§ TASK OBJECTIVE: The lines to retype run from the one containing "Ferrari Roma - 15" through the end of the listing below. Reproduce them exactly, leaving out pictures.

§ SUPPLIED MATERIAL:
____

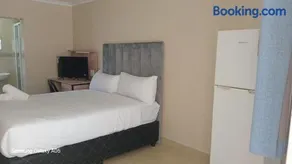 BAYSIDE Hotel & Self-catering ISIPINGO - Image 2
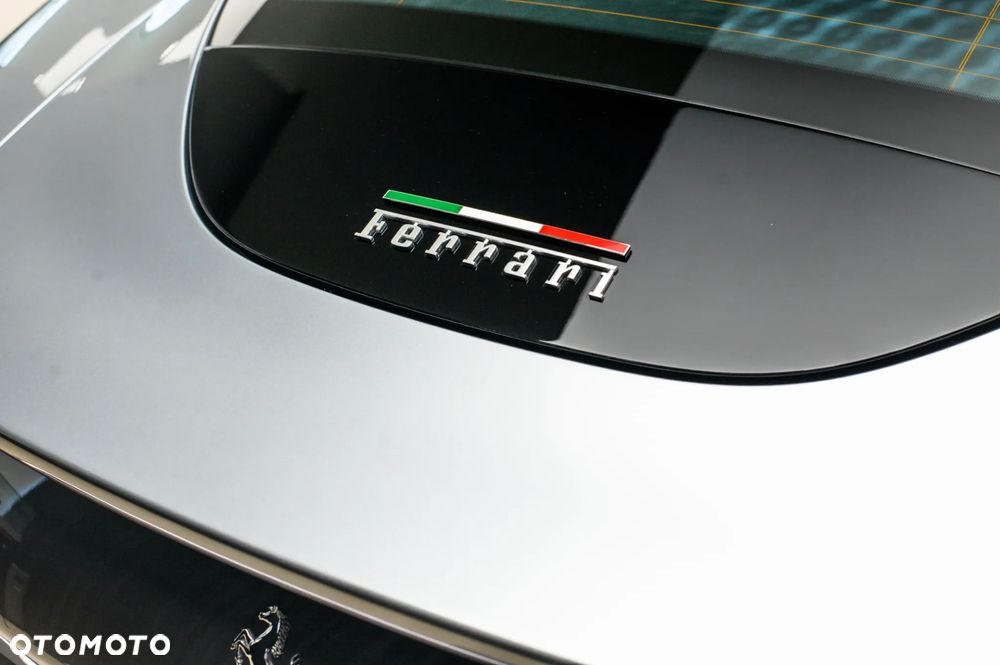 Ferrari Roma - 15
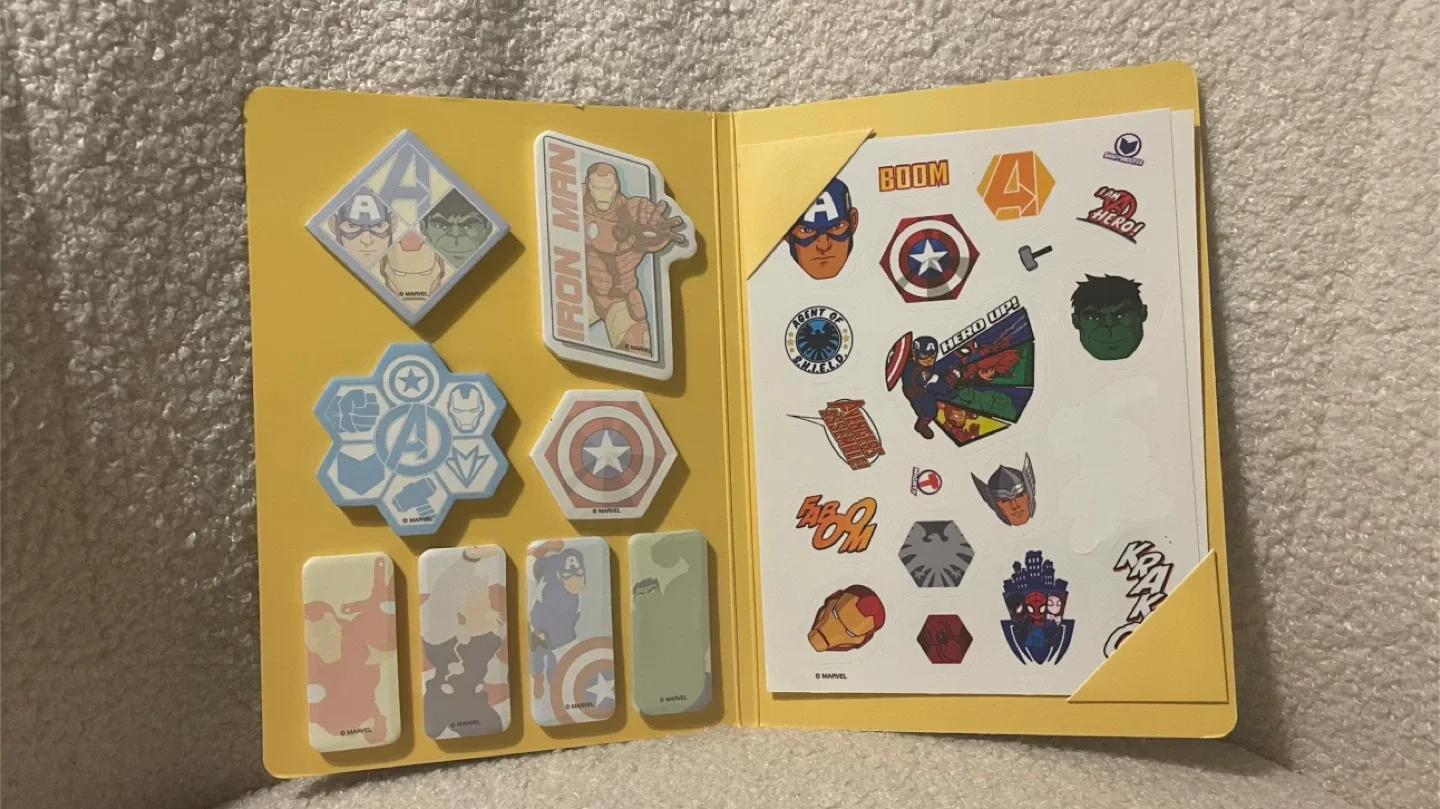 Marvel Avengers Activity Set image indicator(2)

____

§ WRITTEN RESPONSE:
 Ferrari Roma - 15
 Marvel Avengers Activity Set image indicator(2)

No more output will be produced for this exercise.